This review has been ‘repurposed’ from my other site, theOneliner.com
Over the last few decades Al Franken has gone from Saturday Night Live comedian to one of the few left-wing pundits to stand up and shout. If you’re in America, and your head isn’t buried in the sand then you can’t fail to notice there’s a lot to shout about, what with Captain Cuckoo Bananas shaping world policy. Even despite all of the liberties taken by Mr. Mission Accomplished, there seems suspiciously little criticism on mainstream U.S. media, while what on occasion amounts to little more than Republican Party propaganda is seemingly piped directly to the speak-holes of the likes of Ann Coulter, Sean Hannity and, well the rest of Fox News.
Fed up with this state of affairs, Al Franken decides to take potshots. Picking up around the time of his successful and excellently titled “Lies, and the Lying Liars Who Tell Them”, God Spoke acts as something akin to a digest of the material he’s covered since “Liars”, and to be honest there’s little new here that you might not have read in Franken’s book, the not coincidentally titled “God Speaks”. What you do get over and above the novel is Franken’s urgent delivery and a real sense of how deeply the man cares about his politics and his country in a time when politics is still seen as boring, despite the undeniable novelty of the world falling apart around our ears.

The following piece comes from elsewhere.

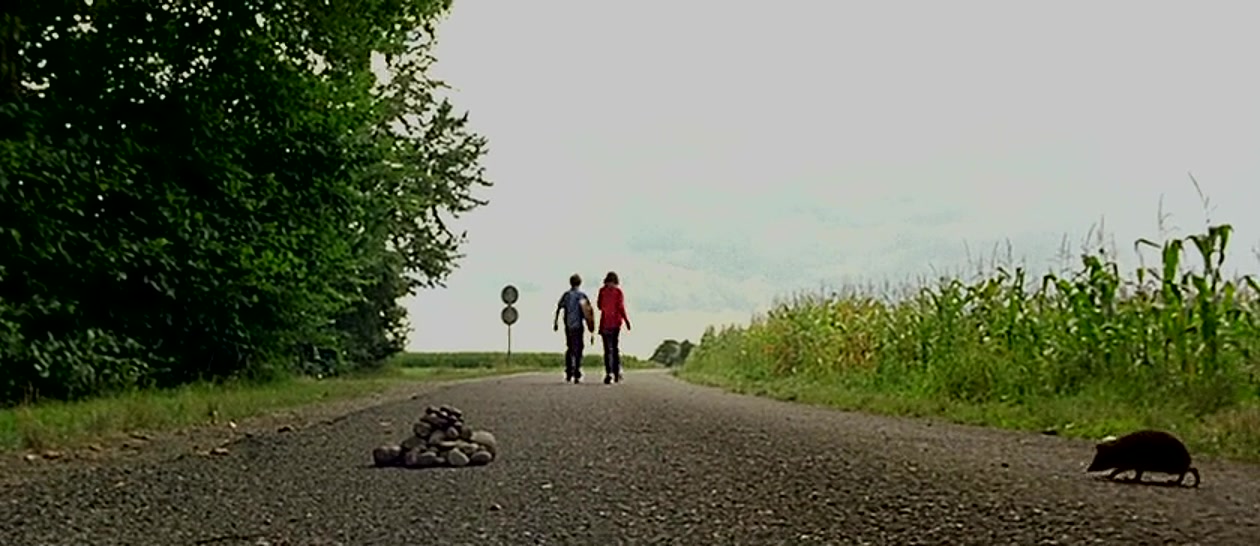 摇摆吉普赛剧照的剧照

Personal politics will play so large a part in your opinion of this film that I doubt I can play my usual card of keeping them out of reviews. If you actually think that Rush Limbaugh is a devout preacher of the truth and can agree on anything Ann Coulter says (for the uninitiated, the American right-leaning media’s equivalent of Screaming Lord Sutch, if Sutch had been offensive rather than silly) then there’s very little point seeing this film. Unless you like getting angry and shouting at cinema screen, which is a perfectly valid strategy although likely to see you ejected from the screening in short order.
It wouldn’t be right to say that God Spoke is a warts and all look at Franken, although he’s occasionally shown in a less than completely flattering light particularly when plotting to devote the day after the 2004 election’s Air America radio show to ‘gloating’. Whether he’d agree that’s a negative or not is open to debate, although it’s rather obviously wrong, what with the Democrats losing to Bush. Again. Which if nothing else hammers home the point that you should never think thinks are as bad as they can possibly get, or doubt Bush’s remarkable capacity to make things substantially worse.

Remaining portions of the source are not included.